AIM OF THE EXERCISE: Make an exact copy of the entries below and leave any picture out of it.

EXCERPTED DATA:

·····

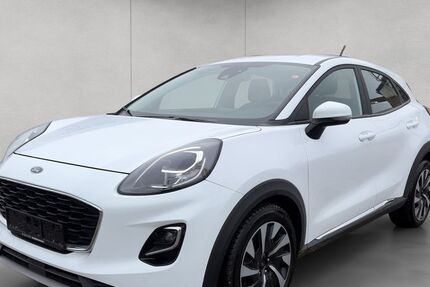 Ford Puma 26.286 km 17.650 &euro; Hanau 63452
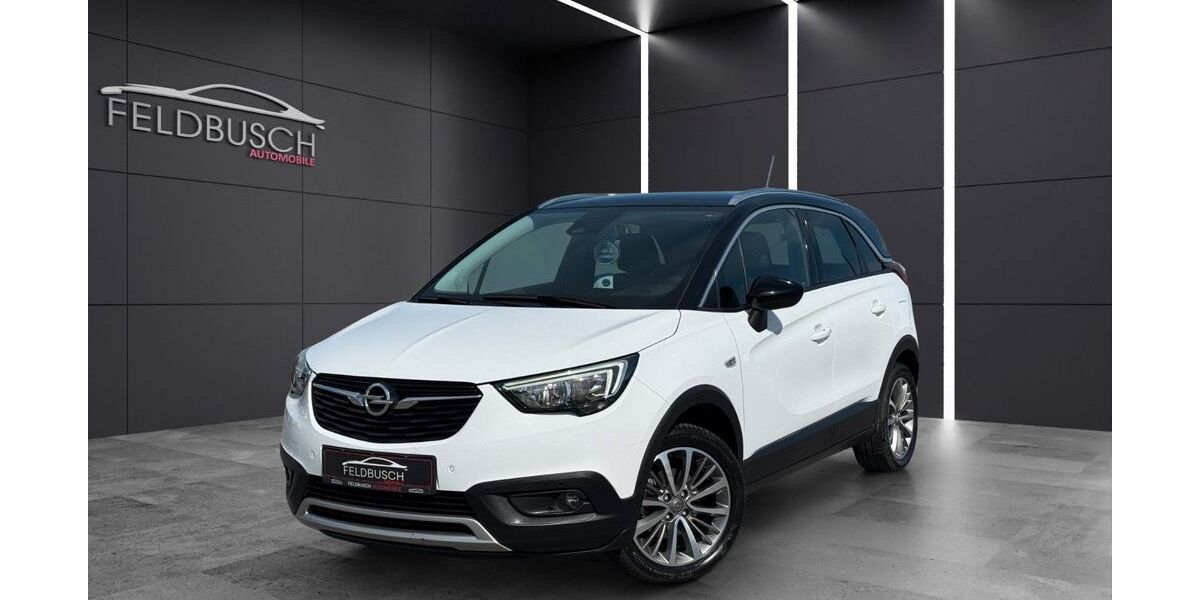 Opel Crossland (X) 59.000 km 10.980 &euro; Schwalmtal 41366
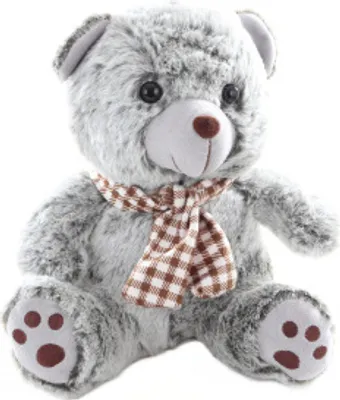 Image de Ours en peluche 25 cm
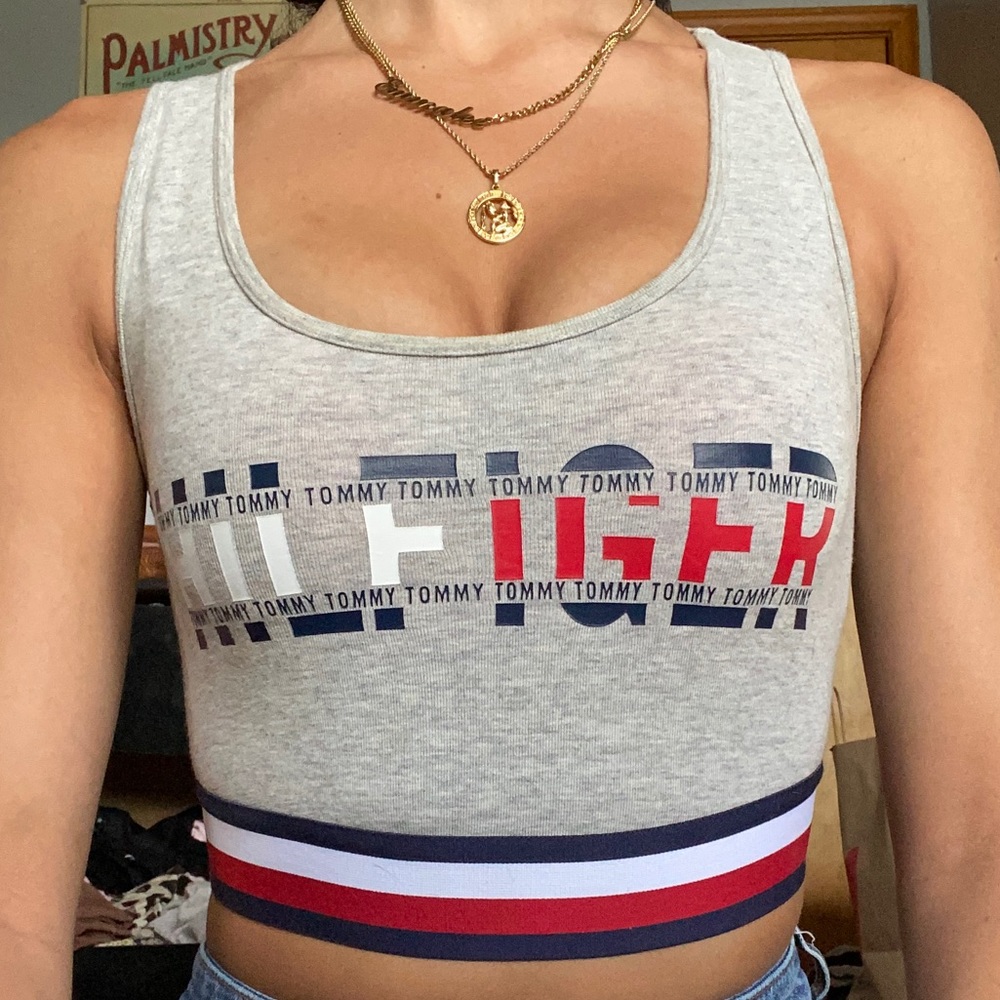 tommy hilfiger tank top size XS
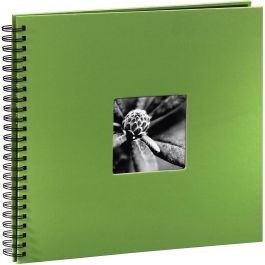 Hama 94870 Fine Art Spiral, álbum de fotos, apfelgrn, 36x32 cm, 50 páginas negras Precio: 26.8899994. SKU: B1BYVEJ5SB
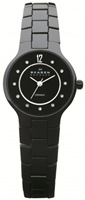 Buy Skagen Ceramic Ladies Swarovski Crystal Watch - 572SBXBC online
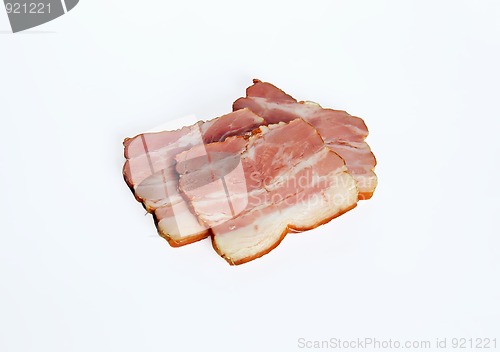 Image of slices bacon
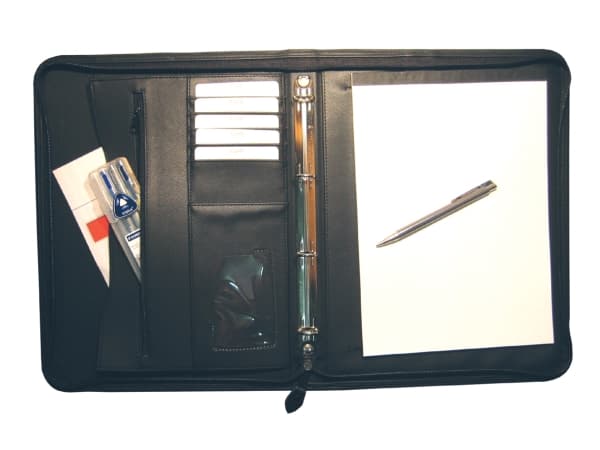 Dokumentmapper med 4 sirkler type A4 TR2051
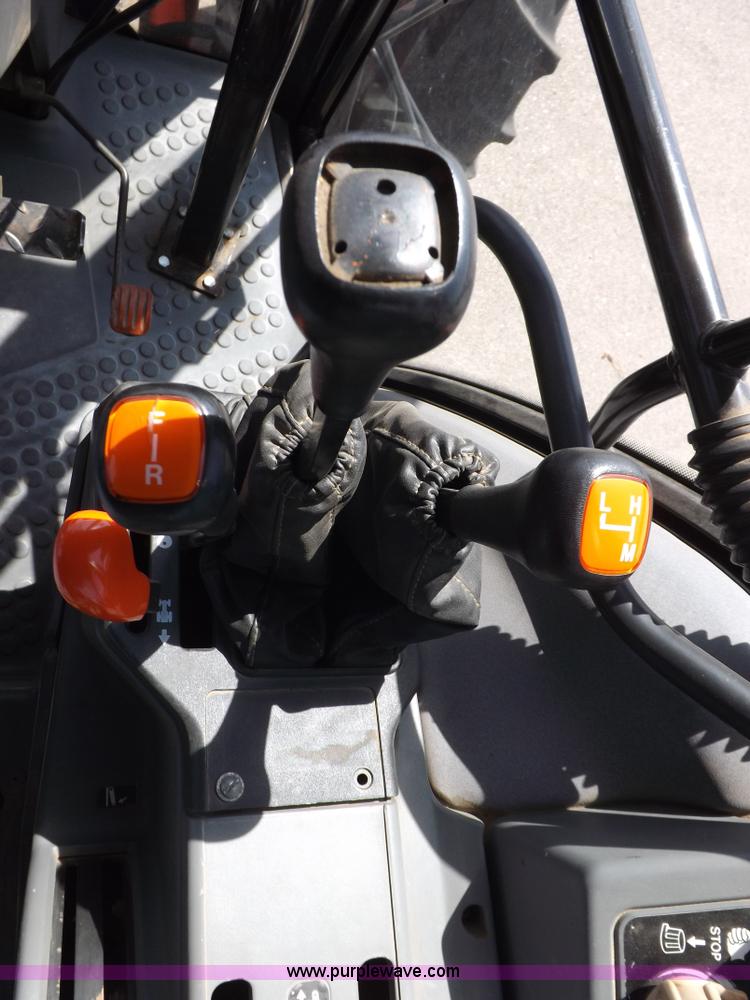 image for item C2816 1997 New Holland 7740SL MFWD tractor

·····

EXERCISE RESPONSE:
 Ford Puma 26.286 km 17.650 &euro; Hanau 63452
 Opel Crossland (X) 59.000 km 10.980 &euro; Schwalmtal 41366
 Image de Ours en peluche 25 cm
 tommy hilfiger tank top size XS
 Hama 94870 Fine Art Spiral, álbum de fotos, apfelgrn, 36x32 cm, 50 páginas negras Precio: 26.8899994. SKU: B1BYVEJ5SB
 Buy Skagen Ceramic Ladies Swarovski Crystal Watch - 572SBXBC online
 Image of slices bacon
 Dokumentmapper med 4 sirkler type A4 TR2051
 image for item C2816 1997 New Holland 7740SL MFWD tractor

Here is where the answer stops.